Maw’s dividend fraud, theft trial delayed again as judge considers indictments

Roland Maw waits to be called for an interview before a joint meeting of the Boards of Fisheries and Game on Jan. 14, 2015. (Photo by Matt Miller/KTOO)

Roland Maw waits to be called for an interview before a joint meeting of the Joint Board of Fisheries and Game on Jan. 14, 2015. (Photo by Matt Miller/KTOO)

A former fishing association head and former Board of Fisheries nominee will not stand trial next week for charges of permanent fund dividend fraud and theft.

Instead, Roland Maw’s case could go before a jury in May. This will be the second delay in the trial based on the third indictment handed up against Maw.

Maw, who also applied to be Alaska Department of Fish and Game commissioner during the Walker administration, was the former executive director of the United Cook Inlet Drift Association.

Maw’s attorney, Nicholas Polasky, filed a 13-page motion Monday to dismiss the indictments. He writes that the grand jury heard allegations based on misplaced interpretations of administrative rules about the initial denial of a permanent fund dividend application, rather than state law about an applicant’s eligibility or potential criminal prosecution.

Polasky told Juneau Superior Court Judge Amy Mead in court Monday morning that he’s willing to orally argue the merits of his latest motion to dismiss the indictments.

Prosecutor Lisa Kelley of the Office of Special Prosecutions has until Feb. 26 to respond to Polasky’s motion.

A jury trial, previously scheduled to start Feb. 11 in Juneau, is now scheduled for May 13.

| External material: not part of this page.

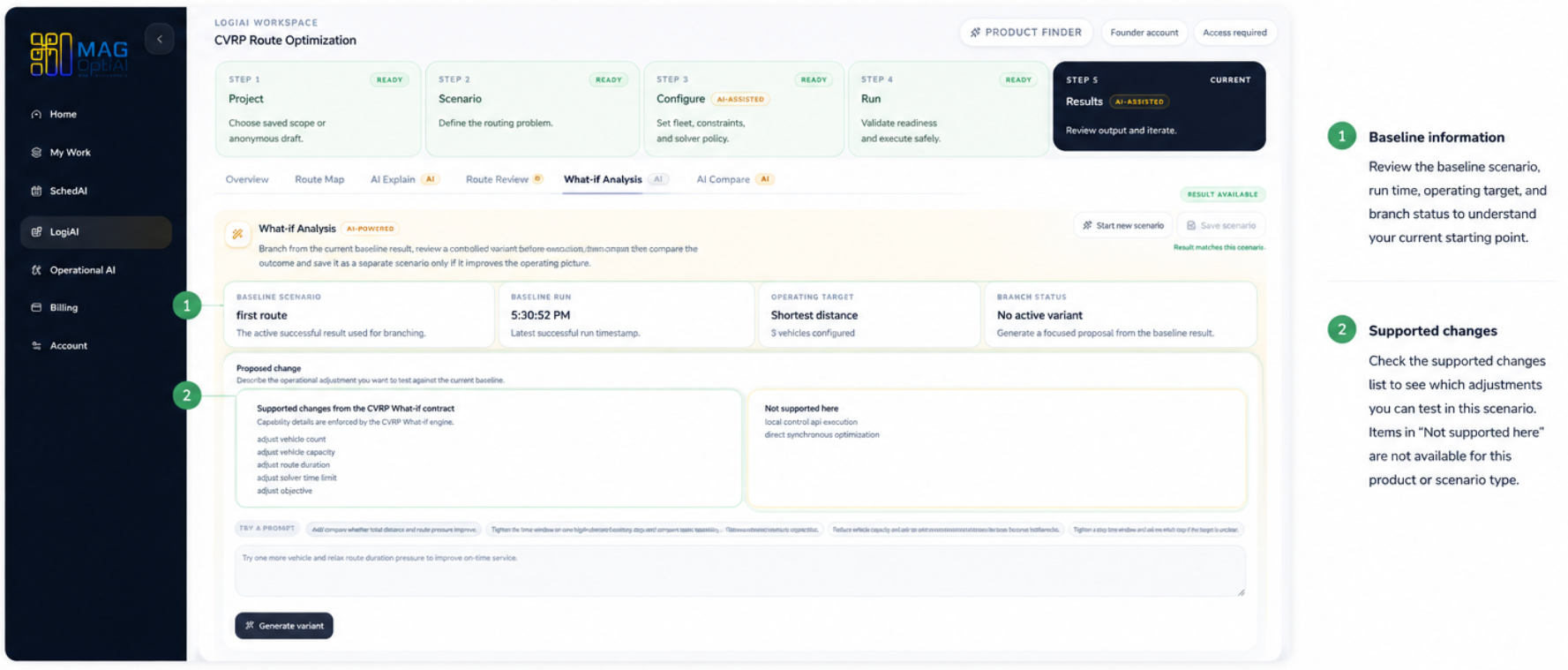What-if Analysis page showing baseline information and supported changes.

Maw was first charged in January 2016 with a total of twelve felony counts of theft and unsworn falsification. Prosecutors alleged Maw applied for and received permanent fund dividends while he was out of Alaska for over 90 days, each year between 2009 and 2014.

The two previous sets of indictments were dismissed after Polasky challenged the evidence presented to the grand jury by prosecutors.